Her forms are achieved through the process
of applying multiple layers of pigment, with a
texturing component that some viewers never
guess: she always adds a layer of recycled
envelopes between her canvas and her paint.
“This painting is from an ongoing series of
paintings exploring intense color, rich textures and
organic compositions. Color plays an important
role in ​describing the emotional value and mood.

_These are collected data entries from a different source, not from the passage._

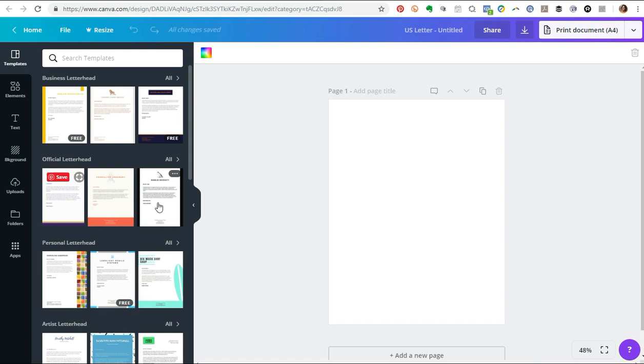Clicking that brings up all of the different letterhead templates that Canva has — and there are a lot of them, so you can get super creative. Now, if you're planning to use the free designs, make sure it says 'free' on the bottom. Anything that doesn't say free means there's a feature or image you'll have to pay for. It's not expensive, but I just wanted to point that out.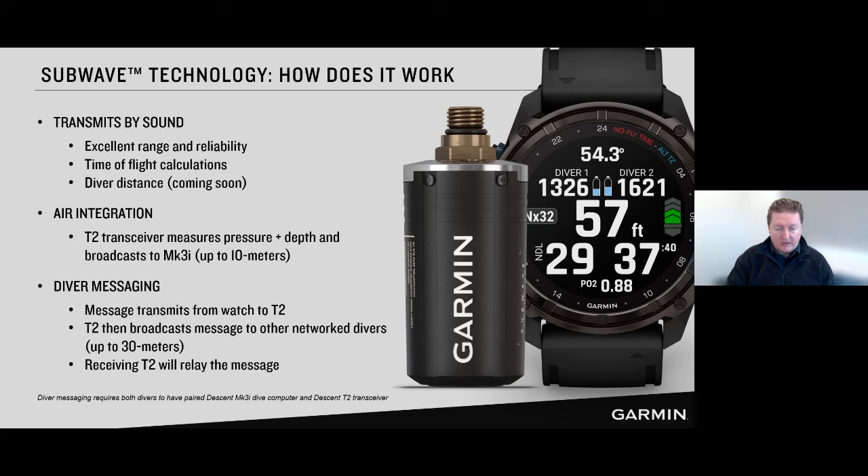Having a transducer in the watch and a sonar transducer in the transmitter allows us to greatly extend the range and also the capabilities of what types of data we're sending — not just tank pressure, but also transmitting your depth out to other divers. And one of the additional side benefits of sound is that the speed of sound is very reliable through water, so based on time of flight we can use those sonar transmissions to calculate how far away divers are from each other. That's a feature we're launching in our next software release.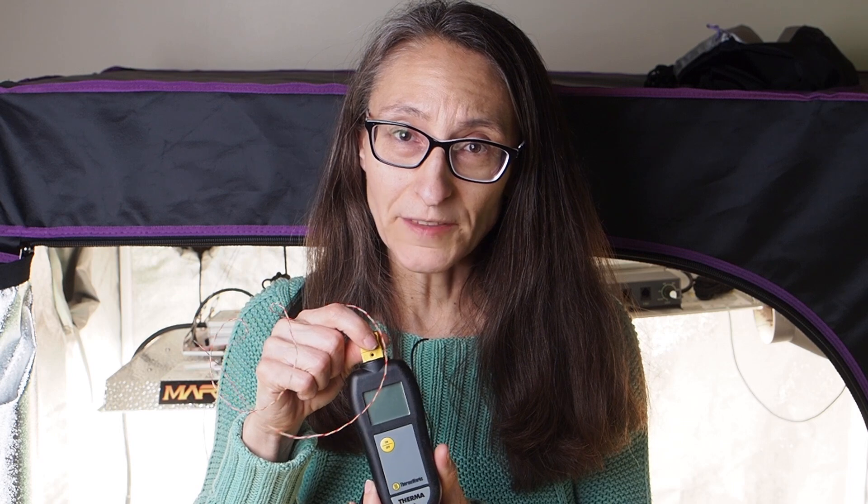This one is from Thermaworks. We use a lot of Thermaworks products in the kitchen — we aren't sponsored and they didn't send this to me — but this is the Therma-K meter. You can get a variety of different probes on their website, and this particular one is the magnetic surface probe. Unfortunately both of our LED panels are made of aluminum which is not magnetic, so it won't stick, but we can still use this probe. It will just sit on top of the panels and we should get a much more accurate reading than the infrared meter.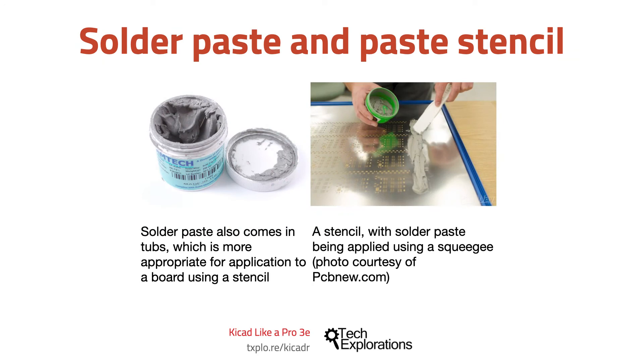Solder paste also comes in tubs, which is more appropriate for application to a board using a stencil, as you can see in the photo in this slide. Stencils are useful in large scale productions. A stencil is typically made of stainless steel.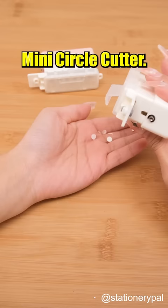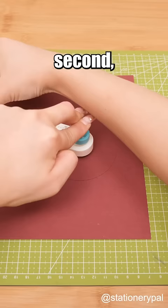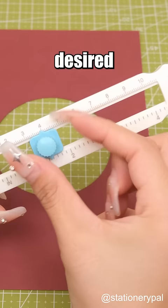Mini circle cutter. How to quickly cut out perfect circles? You definitely can't miss this. In a mere second, you can craft circles of your desired size. Its compact design makes it easy to carry.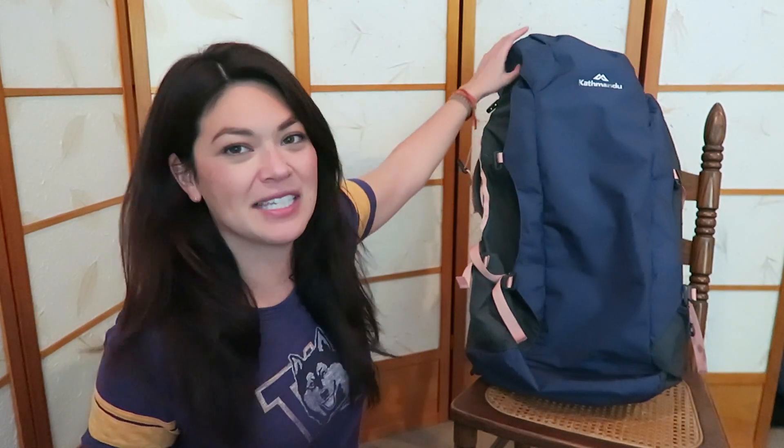But for my purposes — mostly just travel and staying in hostels — I thought it was perfect. It's much more supportive than my eBags one. I feel like I could walk a lot farther with it on, and my shoulders did not get as tired. It can also hold a lot more. My eBags one says 55 liters as well, but this can hold a lot more than that. Because of the way it's laid out, you can zip up the sides and push things in. And because it has the top part, you can adjust the straps and fit a lot more in there.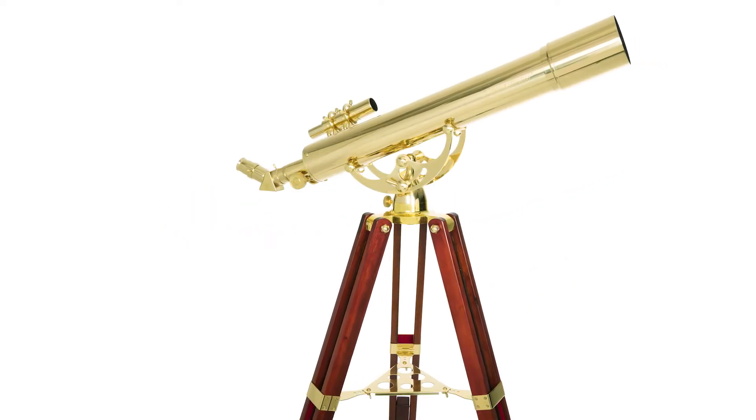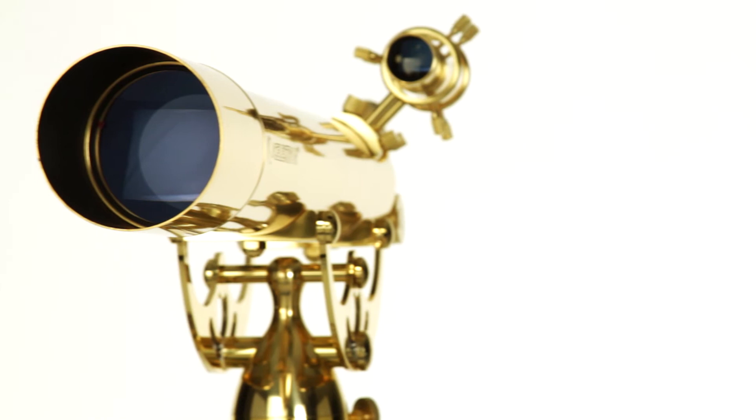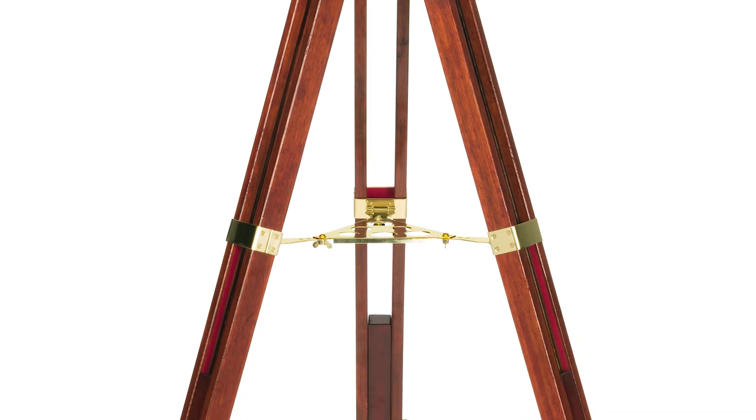Make a statement in your home or office with the Ambassador 80 AZ Telescope. This decorative showpiece, with its brass optical tube and rich mahogany wood tripod, adds vintage, nautical style to any room.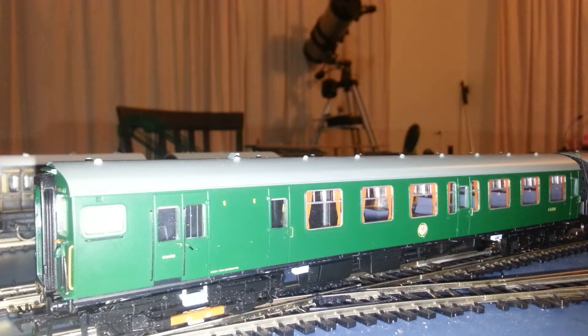There we have it — the Class 411. Not bad. Just need some electrical work really. Well, that's it for this and I will talk to you again soon. Thank you.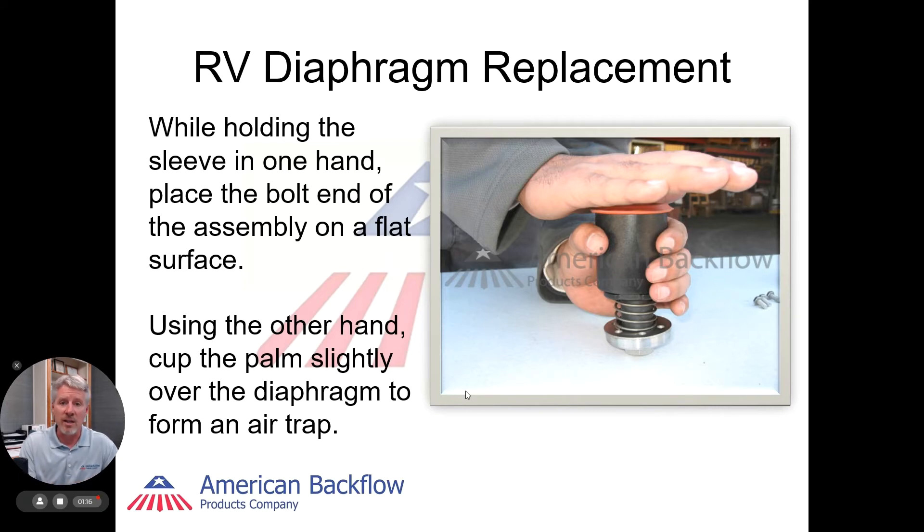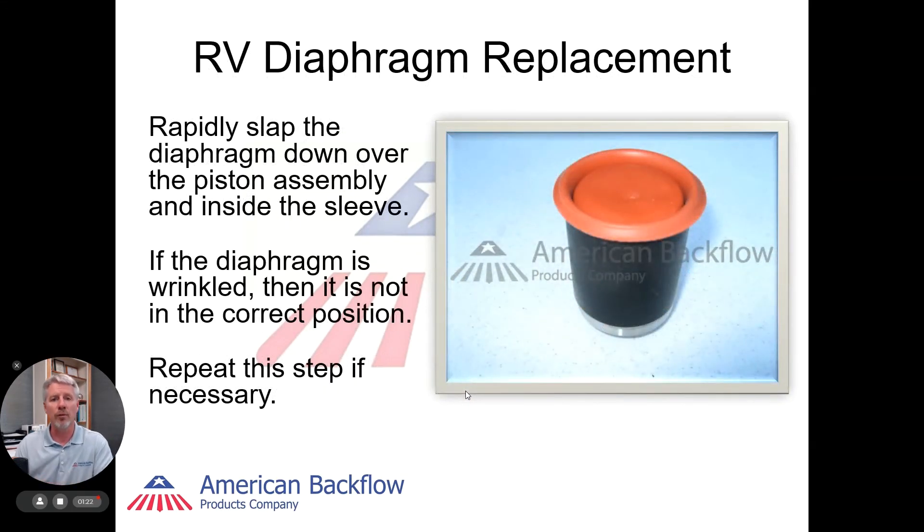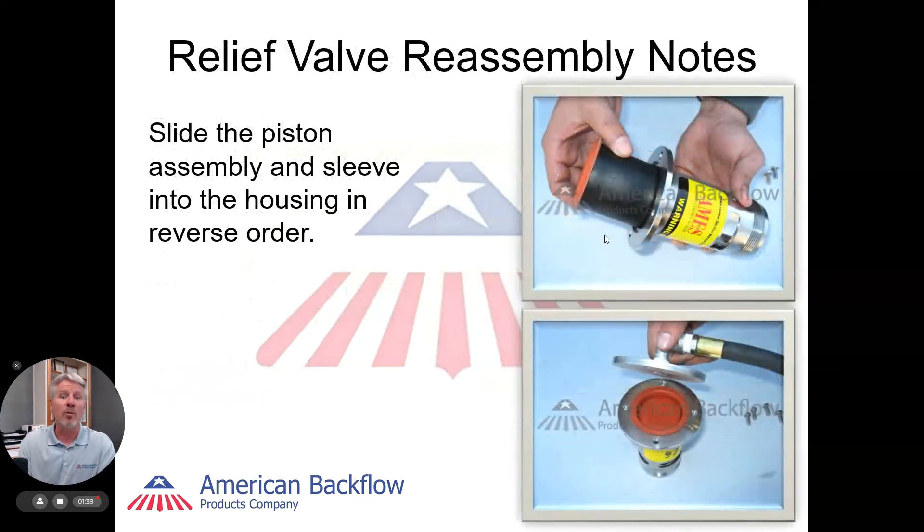Don't get upset if this takes multiple times to do. What we want to do is have that relief valve diaphragm wrinkle free. If there are any wrinkles whatsoever in that diaphragm, it'll cause the diaphragm not to move and you'll have problems with it. So once you've got it wrinkle free and it's totally loaded, as you see on the picture here, it's ready to go back into the relief valve assembly. Once we put the cover back on, we can remount it back to the assembly itself.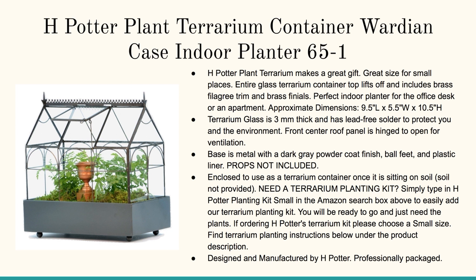We cover the H. Potter Plant Terrarium Container Case Indoor Planter. Now this is very small. It's designed really to get those small seedlings started inside your home, or really to be a nice centerpiece for showcasing plants or small ferns in your house.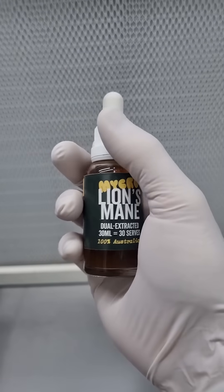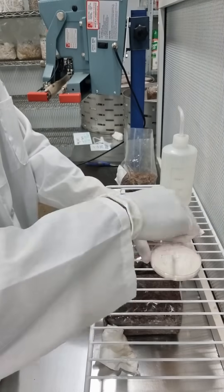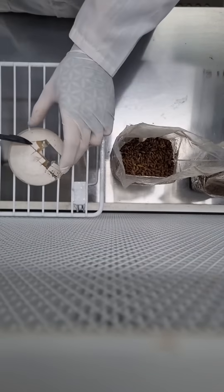Here's a quick look behind the scenes at how we grow the mushies that go into micro products. We start out with a mushroom culture grown out on a nutrient plate, and we transfer sections of that mycelium into jars or bags of sterilized grains.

The forms are instinctually achieved through the
process of applying multiple layers of pigment,
combining dense surfaces, abstraction, and
geometry.” C.C.
Carolyn lives and works in Portland and is
represented by Butters Gallery.
Red (81003), 2010
Mixed media on Canvas, 49”x49”
Donated by Carolyn Cole
Baba Wagué Diakité
“’The Fisherman and the Helpers’ platter represents
sustainability. For thousands of years, the fishermen
on the Niger River in Mali have been passing down the
secret ancient fishing techniques from generation to
generation. What I admire about this is how the Bozo
ethnic group of fishermen sustain their identity as they
continue to perform the ancient fishing stories of their
ancestors.
“Back in the 80s when I first arrived in Portland
from my native country of Mali in West Africa, I had
no ability to communicate with people, as I did not
speak English. This is when my artistic talent came to
my rescue. Portland was less busy then, and the art
community was the social glue. During those days, I
was represented by William Jamison Gallery. The crowd
of art admirers at my first show involved collectors,
ordinary citizens and even homeless people. In my
memory, this was the magic of art at its best—opening
communication and healing our community.” B.W.D.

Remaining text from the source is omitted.